What I mean is that these people possess a breadth of understanding and experience and ability. Rather than having a deep concentration in one specific domain, they show the results of being deeply (and broadly) curious. They have insight into a wide range of areas of expertise -- but more importantly, they seem to focus on the intersections of these domains. They take lessons learned from one area and apply it (often in a transformative or disruptive manner) to other areas.

The second is their existence within a concentration of Talent. Rather than being isolated, they have identified and gathered with other talented individuals. This creates a sort of critical mass where the total truly becomes greater than the sum of its parts. By increasing input and insight across the broad spectrum, the opportunties for application of knowledge and insight in new ways become increased.

It's interesting - because this also shows a few intriguing implications.
It explains why many of these people not only continued to be influencial and effective late into life but in many cases become seemingly more creative as time went by. With each new experience and each new insight, the potential applications became more profound and more accurate.
It also points out some horrible flaws in the way we tend to pursue hiring and staffing.

We tend to hire for Skill.
Skill is easily quantifiable - and can be qualified as well. Skill can be represented on paper. Skill is understandable - and Skill is not frightening.
But Skill does not tranform. Skill does not disrupt.
Skill enables Talent.

But we don't know how to hire for Talent.
Talent, instead, tends to group and cluster with Talent outside of the normal constraints and structures of business - often in response to rejection from business structures.

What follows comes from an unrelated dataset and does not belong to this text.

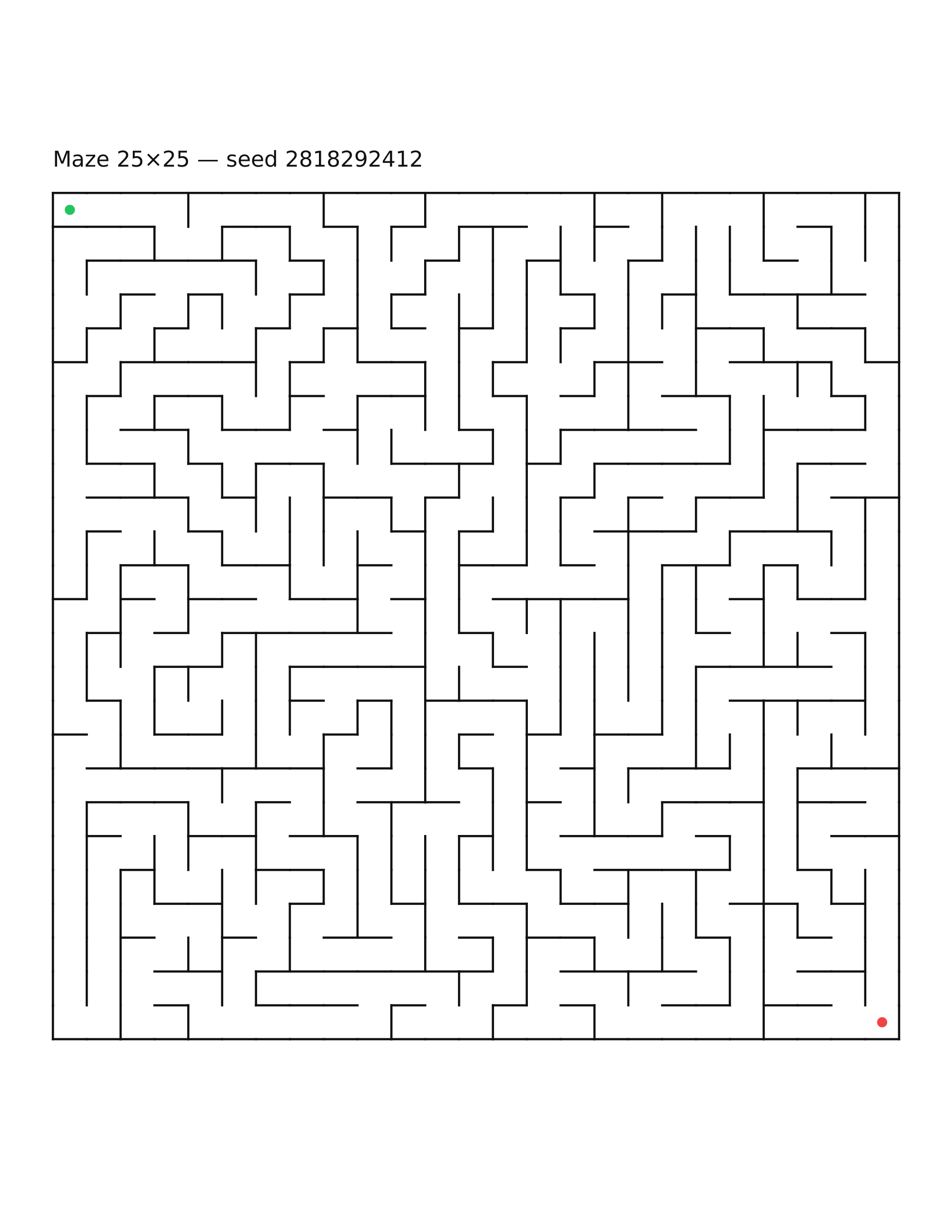 Maze 25×25 #19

There are examples of companies that have successfully cultivated this sort of Talent. In almost all cases, they have done so by isolating the Talent within independent and self-contained units. While this can result in a leveragable (synergistic) impact on the business - it doesn't fully enable Talent to change the company in ways needed to prosper and lead long-term.

As a result... companies end up having to hire services firms to provide this Talent - and the companies focus on the Skills to execute and operate.

This is not a bad model.
But it assumes that the services firms understand that they are desired for this Talent. And, sadly, it seems to me that the vast majority of services firms are trying instead to ape and emulate their clients --- and are hiring Skill instead of Talent.